- _LISTED ENTRIES_
# # # #
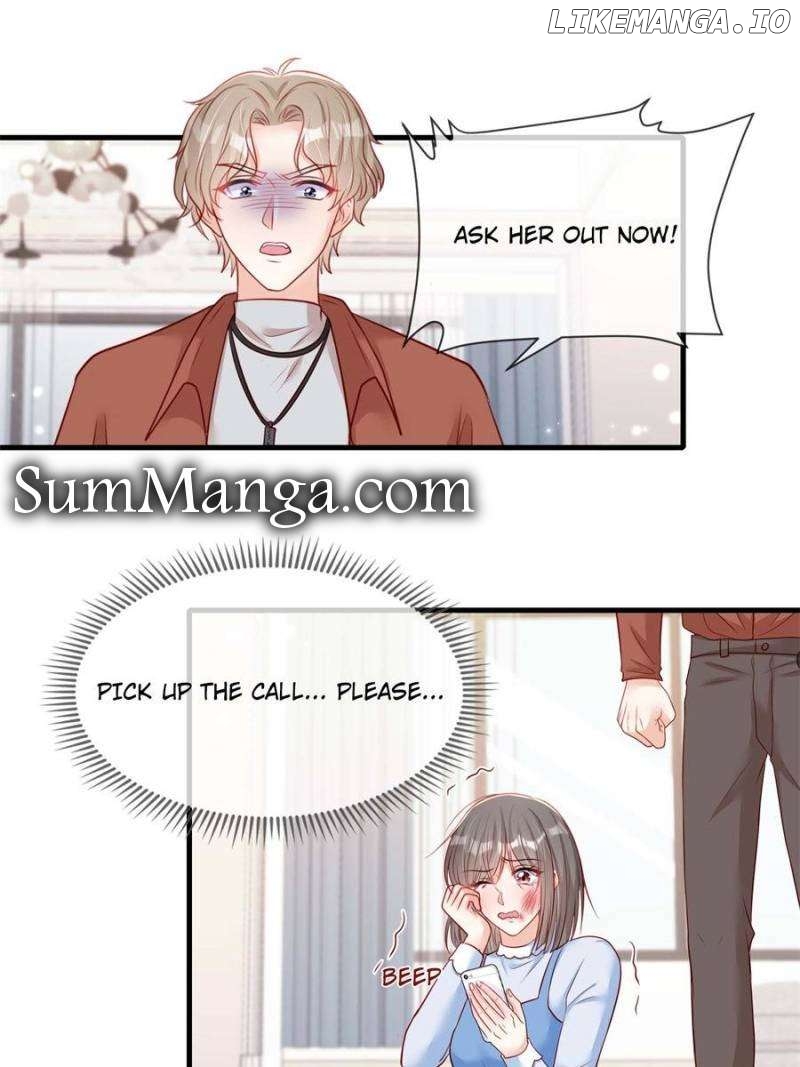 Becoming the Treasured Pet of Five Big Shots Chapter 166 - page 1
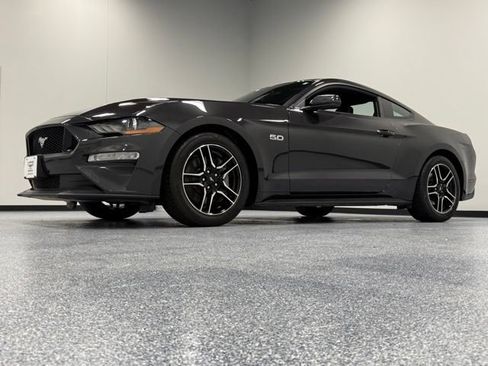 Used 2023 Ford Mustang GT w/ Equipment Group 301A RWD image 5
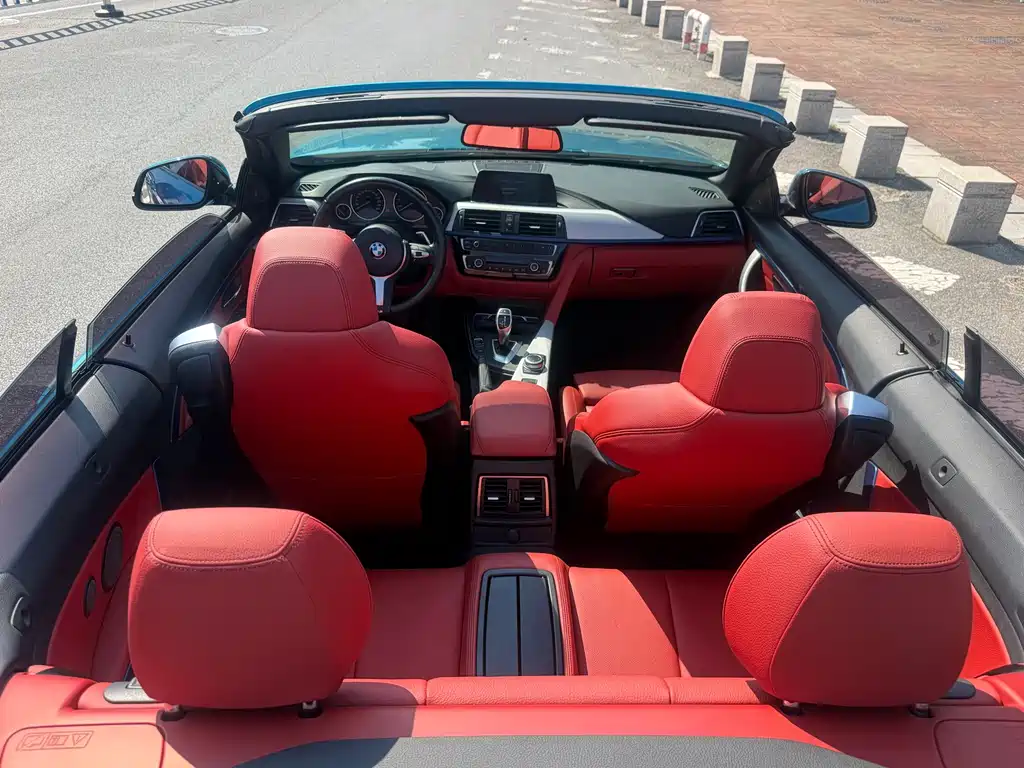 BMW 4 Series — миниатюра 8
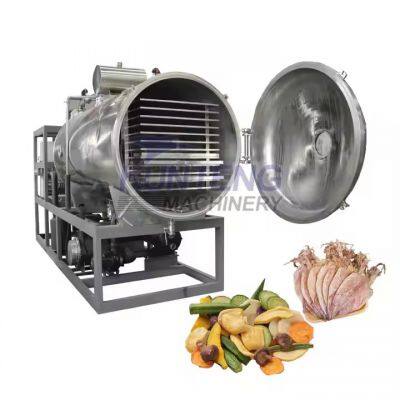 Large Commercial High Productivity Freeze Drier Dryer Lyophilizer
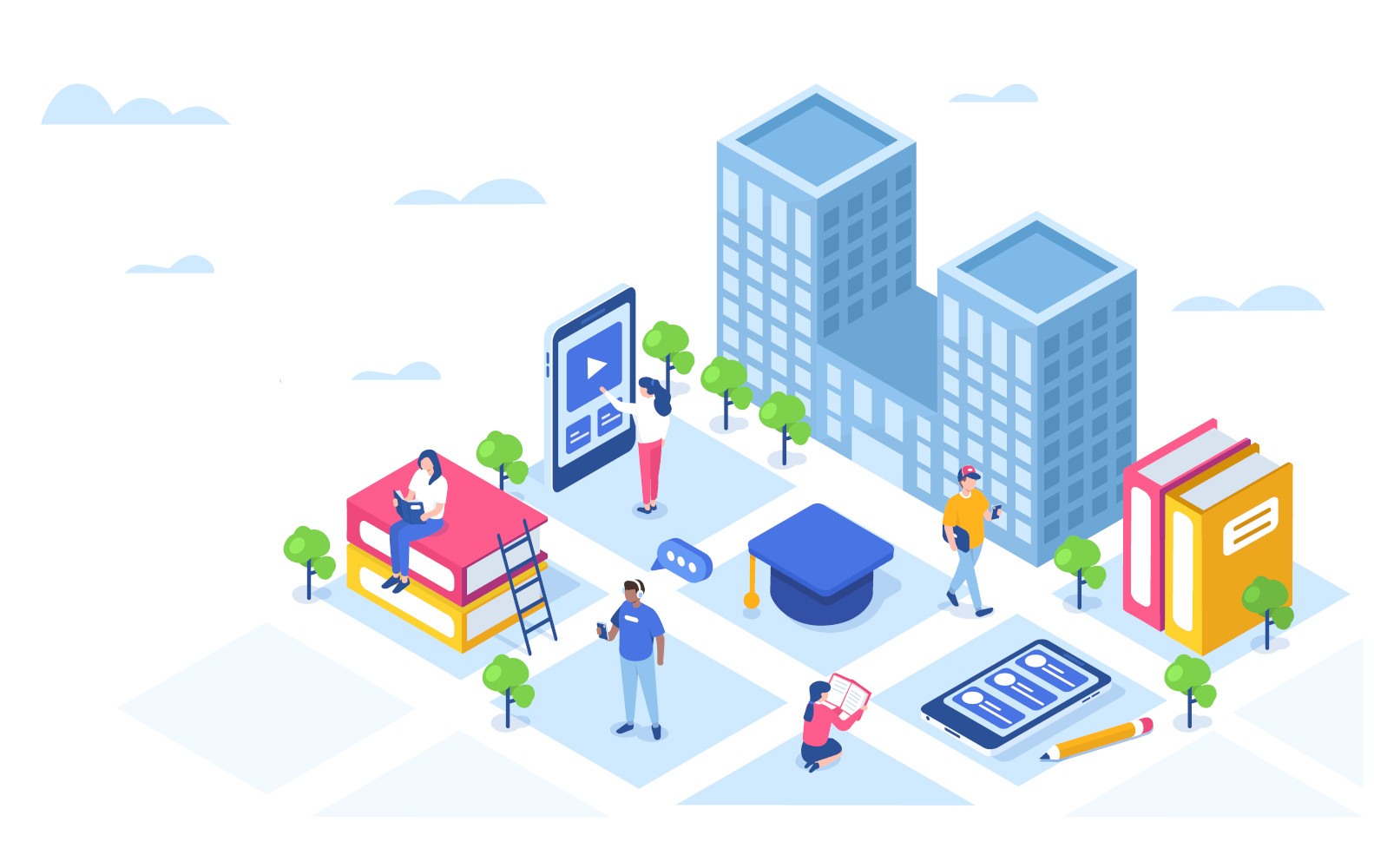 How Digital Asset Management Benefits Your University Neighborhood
# # # #
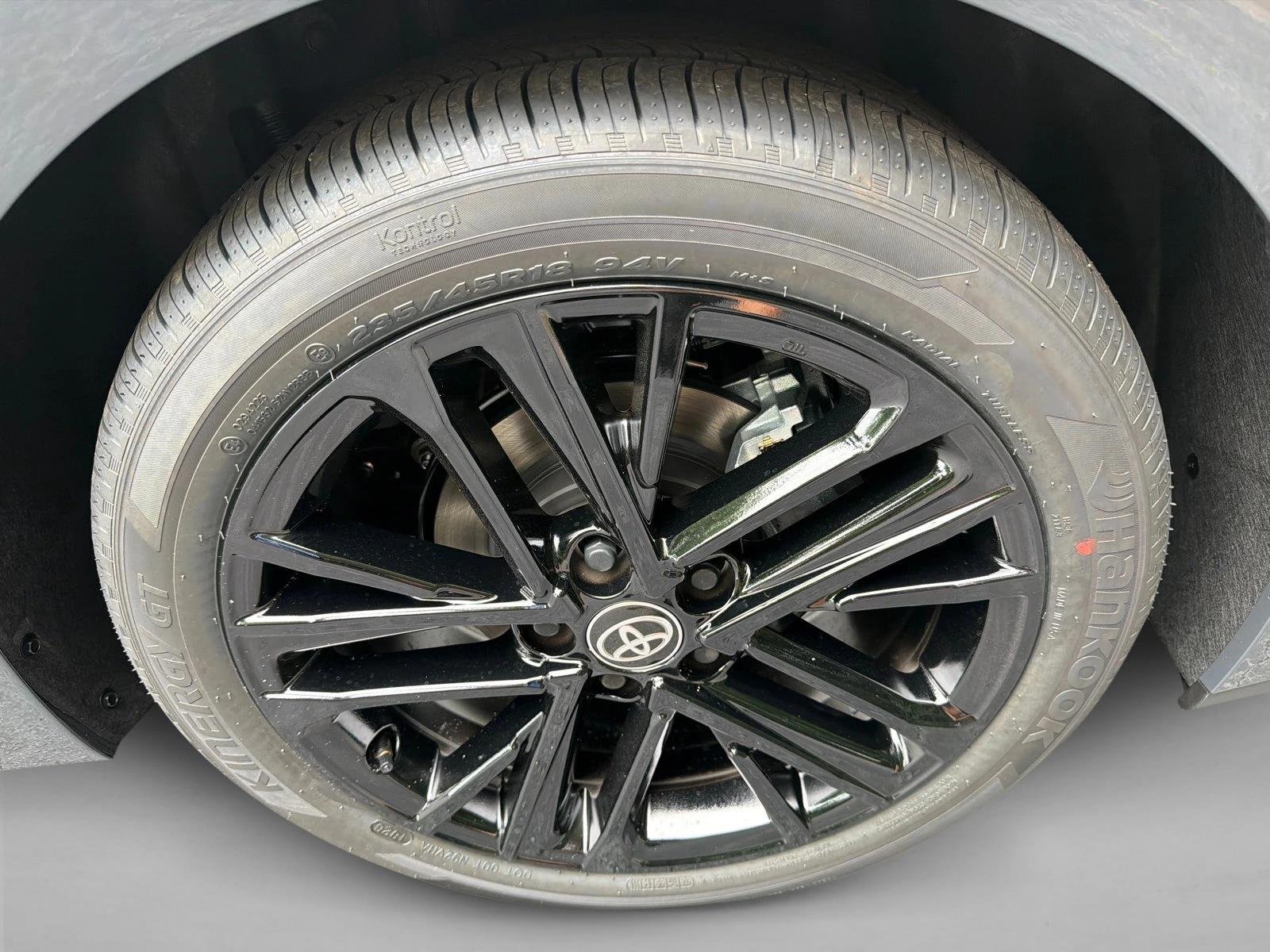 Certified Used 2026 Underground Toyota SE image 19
# # # #
- _DIRECTIONS_
Given the records above, return the lines starting at the one that holds "Becoming the Treasured" and ending at the one that holds "How Digital Asset", exactly, and nothing besides; leave every picture out.

- _TASK OUTPUT_
 Becoming the Treasured Pet of Five Big Shots Chapter 166 - page 1
 Used 2023 Ford Mustang GT w/ Equipment Group 301A RWD image 5
 BMW 4 Series — миниатюра 8
 Large Commercial High Productivity Freeze Drier Dryer Lyophilizer
 How Digital Asset Management Benefits Your University Neighborhood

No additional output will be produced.